デビューシングル「ジレンマ」がテレビアニメ「銀魂」のオープニングテーマに抜擢された大阪出身の女性3人+男性1人の混成4人組、ecosystem。その切迫感あるサウンドと情感あるメロディで、デビュー作から大きな注目を集めた。この「ジレンマ」に続く2ndシングル「月夜のnet」は「君としたい したい したい アレこれしたいよ」と、赤裸々な女性の欲求をストレートにぶつけたポップなナンバー。カラフルなシンセと、壺阪恵(Vo, G)の少しハスキーな歌声が印象的な一曲だ。

ナタリーではインタビュー初登場となる彼ら。まずはバンドの成り立ちから話を訊いていこうかと思ったが、作詞作曲を手がける中心人物・壺坂が取材場所を間違えたとのことで遅刻。
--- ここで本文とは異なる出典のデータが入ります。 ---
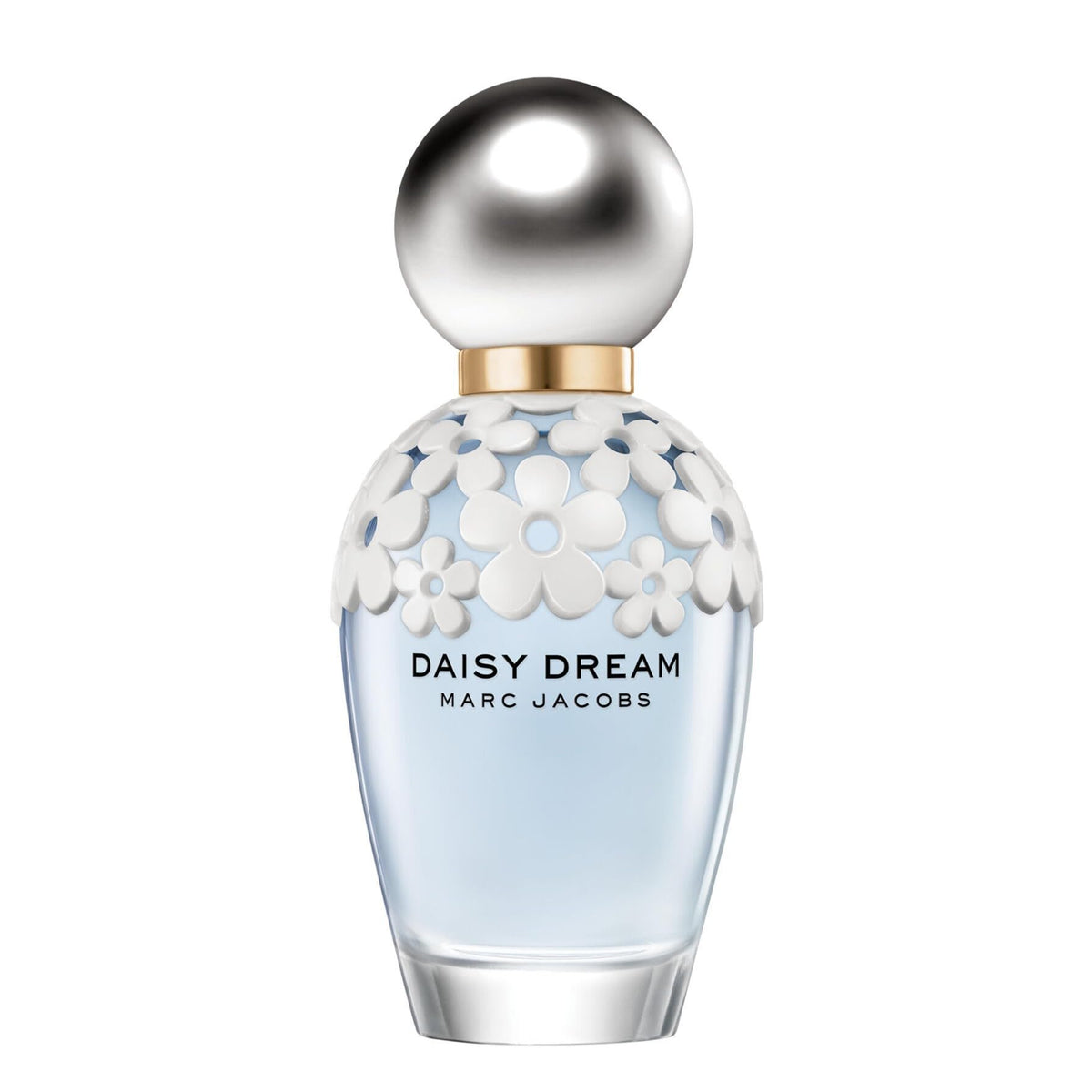Marc Jacobs Daisy Dream bottle close-up with daisies for a fresh, wearable fragrance.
後藤葉子(B)、空岡由梨弥(Dr)、荒井要(G, Key)のメンバー3人に話を訊いていくことになったのだが……。

取材・文 / 柴那典

ステージではカリスマ、下りると大阪のおばちゃん

──きっとほかのメディアでも壺坂さん1人かメンバー全員の取材でしょうし、こういう機会は滅多にないんで、今回は壺坂さんの「欠席裁判」から始めましょうか(笑)。

後藤葉子(B)空岡由梨弥(Dr)荒井要(G, Key) (笑)。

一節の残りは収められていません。